Fight against Valls/Hollande Government Intensifies
Far from abating, the battle over France’s labour law reform has intensified. The Hollande-Valls government has said it will impose the changes. The main trade union federation has said it will fight to the end.
Most of the country’s oil refineries are blocked, in spite of police attacks with tear-gas and truncheons and most forms of transport are now grinding to a halt. The nationwide demonstrations of 26 May were bigger than the previous ones – in some cases twice as big. Young people at France’s secondary schools and universities have still been demonstrating their anger at the government, in spite of the approach of important exams.
The so-called socialist government has talked of ’softening’ the terms of the laws drawn up by Labour Minister, Myriam El Khomri. Given his continuing unpopularity, Francois Hollande has begun to worry about his chances of success in next year’s presidential election, which could see the leader of the far-right National Front reach the second round. But few believe the government is prepared to back down, acting as they are in collusion with the top bosses of industry to maintain profits, regardless of how hard they make life for workers and young people.
The European football championship is due to start in France on June 10th, with matches taking place in stadiums across a grid-locked country. A national protest rally in Paris is due for the 14th June when the hated bill goes to the upper house of the French parliament – the Senate. This week is critical.
Towards a General Strike
The mood of combativity that exists in France as a whole has reached its most intense in the Northern port of Le Havre. “It has become, in effect, the strike capital of France”, reports a CGT activist and member of Gauche Revolutionnaire (French section of the Committee for a Workers’ International). “The port is blocked, the police dare not take on the workers’ blockades and there is a daily general assembly of representatives from every workplace and students as well.”
Outside France, the scenes of violent confrontations reach the media. Inside France the government-dominated media attempt to use incidents of battles with the police to discredit the movement. The question is urgently raised of defence guards for all demonstrations and pickets. In spite of everything, still up to 70% of the French people support this monumental struggle which has seemed to be moving firmly in the direction of an all-out general strike. The leader of the CGT, Philippe Martinez, has now hinted that some deal could be done and negotiations may be organised.
In this situation, as the statement by Gauche Revolutionnaire below explains, it has been the weakness of the trade union leaderships which have dragged out this dispute. One of the national federations – which is allied to the ’Socialist’ government has accepted the attacks on labour rights from the beginning. The others – the biggest being the CGT – plus Force Ouvriere and Solidaires/Sud have opposed it all the way but have proved unwilling and incapable of leading a determined and coordinated struggle up to, and including, a general strike to bring down this anti-working class government of Hollande/Valls.

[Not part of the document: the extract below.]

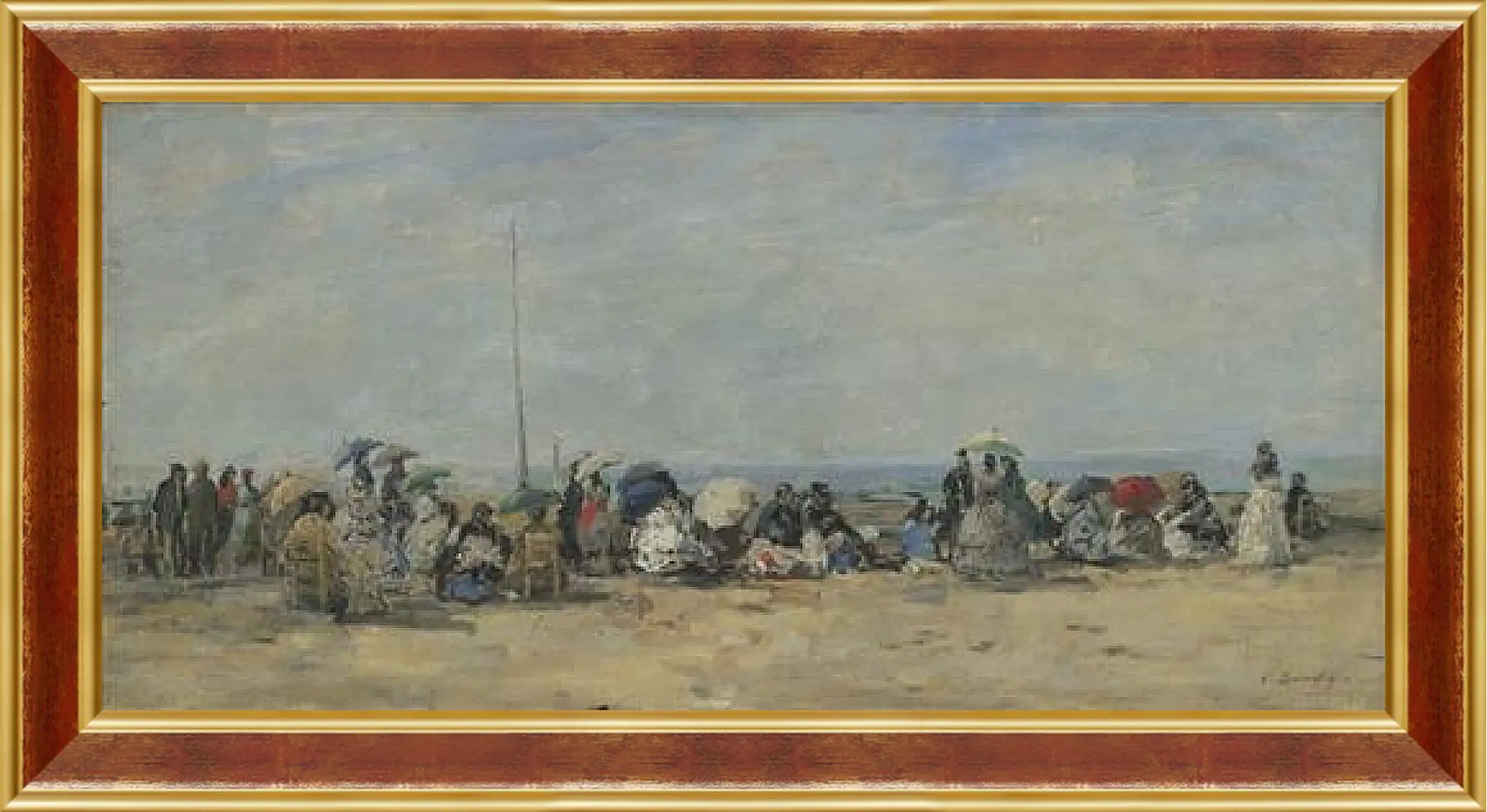 Картина в раме - Beach Scene, Trouville. Эжен Буден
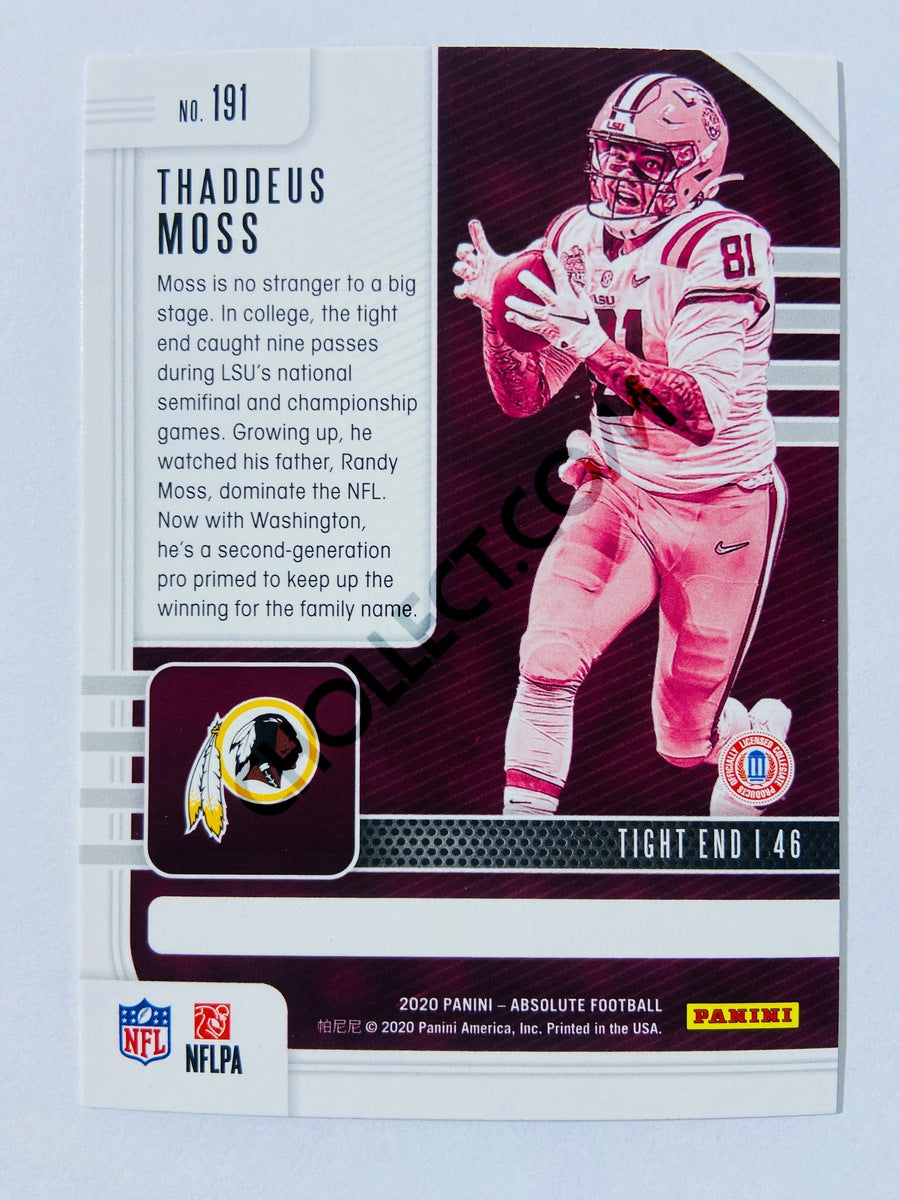 Thaddeus Moss - Washington Redskins 2020-21 Panini Absolute Football RC Rookie #191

As in the great sit-in strikes of 80 years ago and the ’month of revolution’ in May ’68, such a struggle would pose the question of power and the need for the workers and youth to build fighting, democratically elected bodies from below, up to national level, in order to form a government truly representative of workers and their allies in society.
The battle in France is not over. For more detail, read the statement of Gauche Revolutionnaire below.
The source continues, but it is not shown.